Parsing XML using Powershell
PowerShell is an interactive prompt and scripting environment. This document shows how to parse XML using Powershell.
TL&DR: Powershell is a command prompt that uses Cmdlets. Cmdlets are used to parse XML. XML stands for eXtensible Markup Language. XML carries data by defining tags that store values. To validate XML you first define an XSD file. Download Powershell Community Extensions. Run Test-xml:
Test-Xml -Path books.xml -SchemaPath books.xsd -Verbose
. Use [xml] accelerator to import data to Powershell:[xml]$library = gc books.xml
. Parse data and write to csv$library.catalog.book | ConvertTo-Csv -NoTypeInformation | Set-Content eOutput.csv | Write-Output "" | Add-Content eOutput.csv
.
Powershell
This is mostly an introduction to using Cmdlets in Powershell. Cmdlets are commands that are used in the Windows PowerShell environment. The following code blocks are cherry picked for Parsing XML.
General commands
These commands will be familiar to most. No explanation here.
clear # Clears screen
ls # List child items
dir # List child items
atom books.xml # Open atom text editor
Version
$PSVersionTable.PSVersion
# For me this returns...
# Major Minor Build Revision
# ----- ----- ----- --------
# 5 0 10586 117
Create new file
The examples given in this note uses an existing xml file so the creation of books.xml is not actually required. The purpose of showing how to create a new file here is to introduce the "New-item" Cmdlet and its implementation.
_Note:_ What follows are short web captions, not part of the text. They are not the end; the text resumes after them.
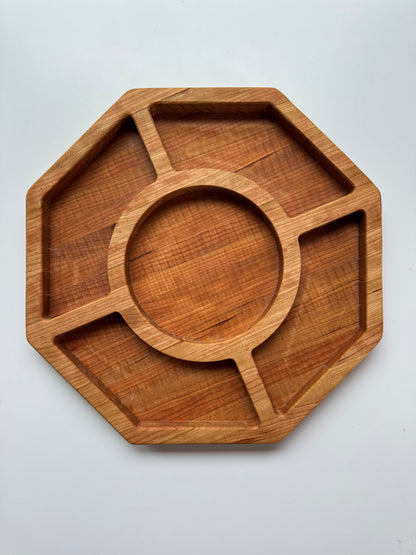 Octagonal Five Section Serving Tray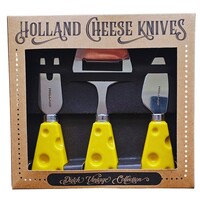 Matix Cheese knives - in gift packaging Holland - yellow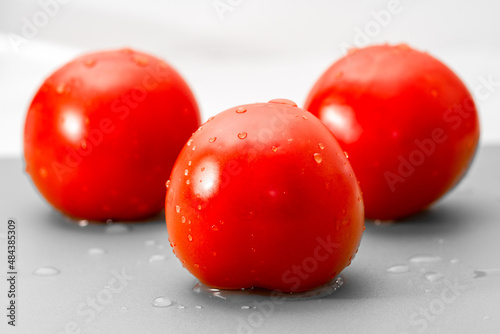 Wet ripe tomatoes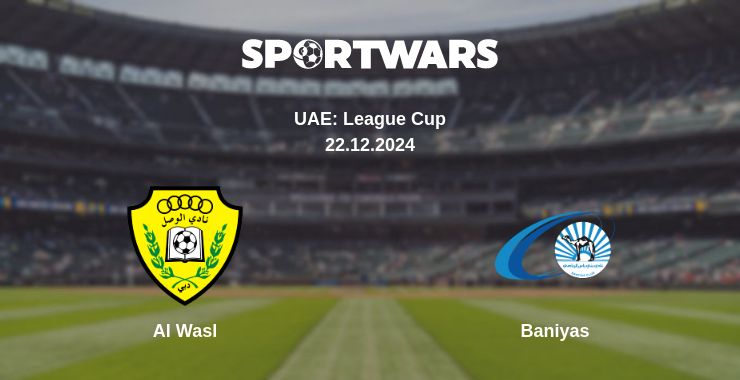 Where to watch the match Al Wasl - Baniyas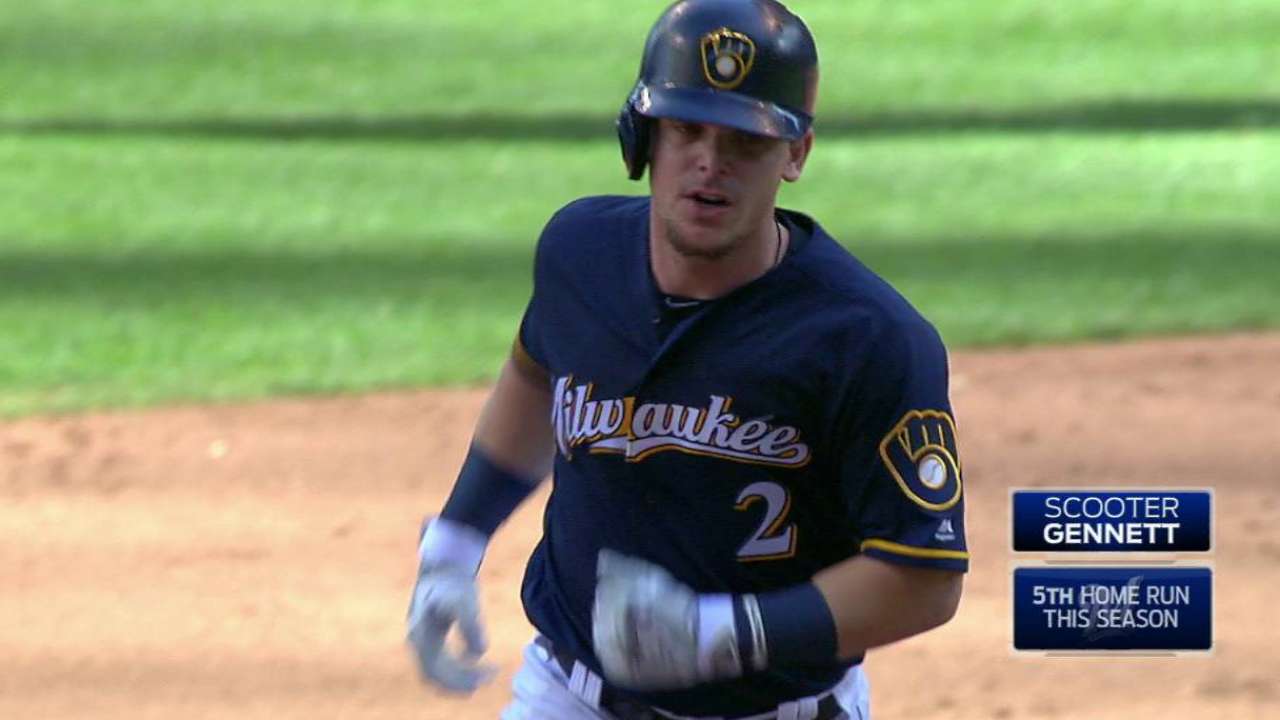 Gennett's solo home run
New-item -name books.xml -ItemType File
Searching content
get-item books.xml # print file details
get-content books.xml # print each line
Select-string "computer" # find
Pipes ("|")
Pipes let you string commands together so that the outcome of the first command is past to the next and so on.
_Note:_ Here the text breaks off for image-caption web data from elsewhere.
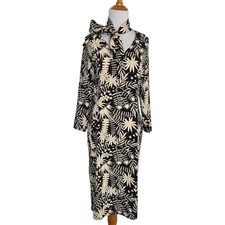 Carine Roitfeld Uniqulo Womens Professional Midi Dress Modest Botanical Medium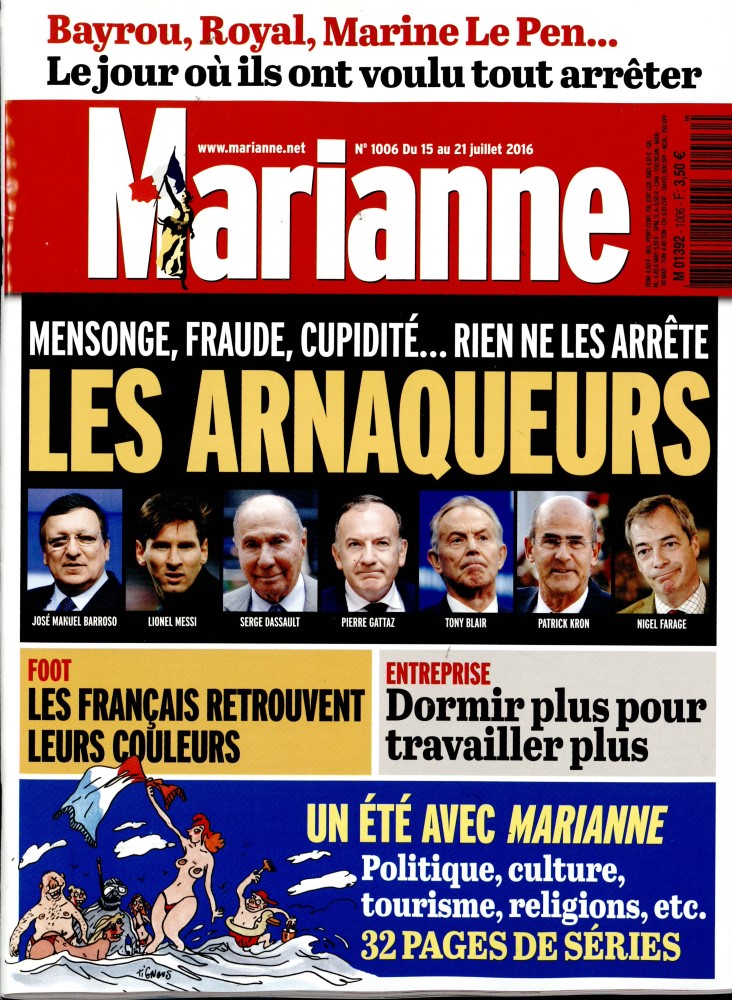 Marianne n° 1006 – Abonnement Marianne | Abonnement magazine par ...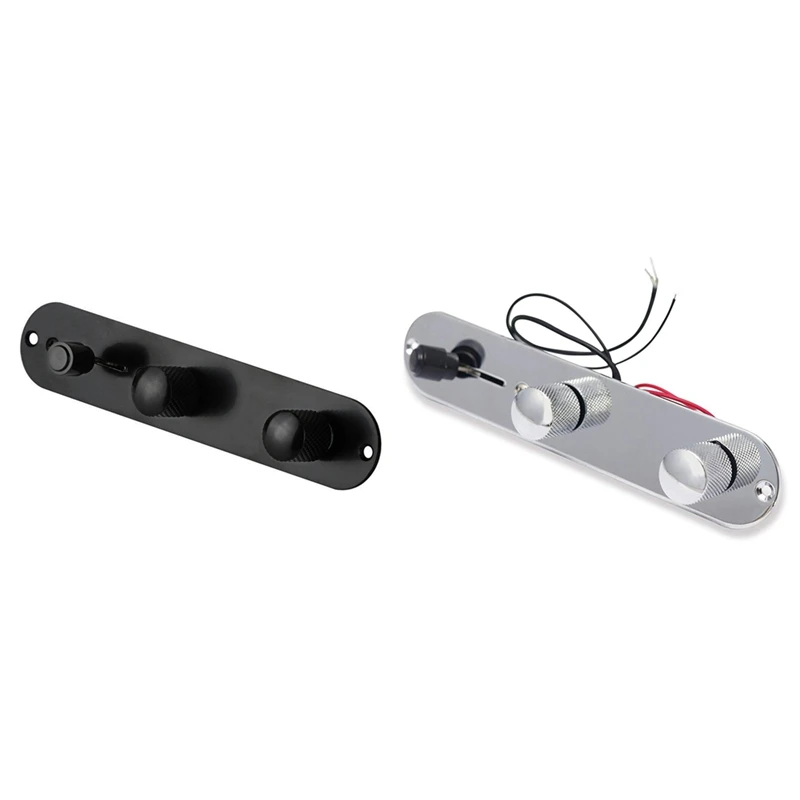

Hot 3C-3 Way Wired Loaded Prewired Control Plate Harness Switch Knobs For TL Tele Telecaster Guitar Parts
get-content "results.csv" | Select-string "computer"
Aliases
Aliases provide shorthand commands for Cmdlets. You can create your own aliases but I don't cover how to do that here.
# LONG FORMAT
Get-content "results.csv" | Select-string "computer"
# ALIASED
gc "results.csv" | sls "computer
Type the following to see what aliases are available:
# List aliases
get-alias | format-table Name, Definition -autosize
Useful aliases and commands
gc # Get-content
sls # Select-string
select # Select-Object
ft # Format-table
epcsv # Export-Csv
% # ForEach-Object
$_ # Placeholder (used in piping)
@ # Array operator
Using ForEach-Object (alias = %)
This is a for loop construct similar to other languages.
# (0..4) = 0, 1, 2, 3, 4
# $var = variable to print
# I am using Write-Host for testing
ForEach( $var in 0..4)
{
Write-Host $var
}
Use alias to modify numbers from 0 to 4.
# The following code can be read as:
# Send numbers 0, 1,2, 3, and 4 (0..4) one at a time to
# a loop (%) that will multiply each number ($_)
# by 10
(0..4) | % { $_ * 10 }
# Returns
0
10
20
30
40
Array operator
# This is an array - semicolon separated key value pairs
@{fname="Ray"; lname="Blick"}
# Parse the array using the ForEach alias ( % ) and placeholder ( $_ )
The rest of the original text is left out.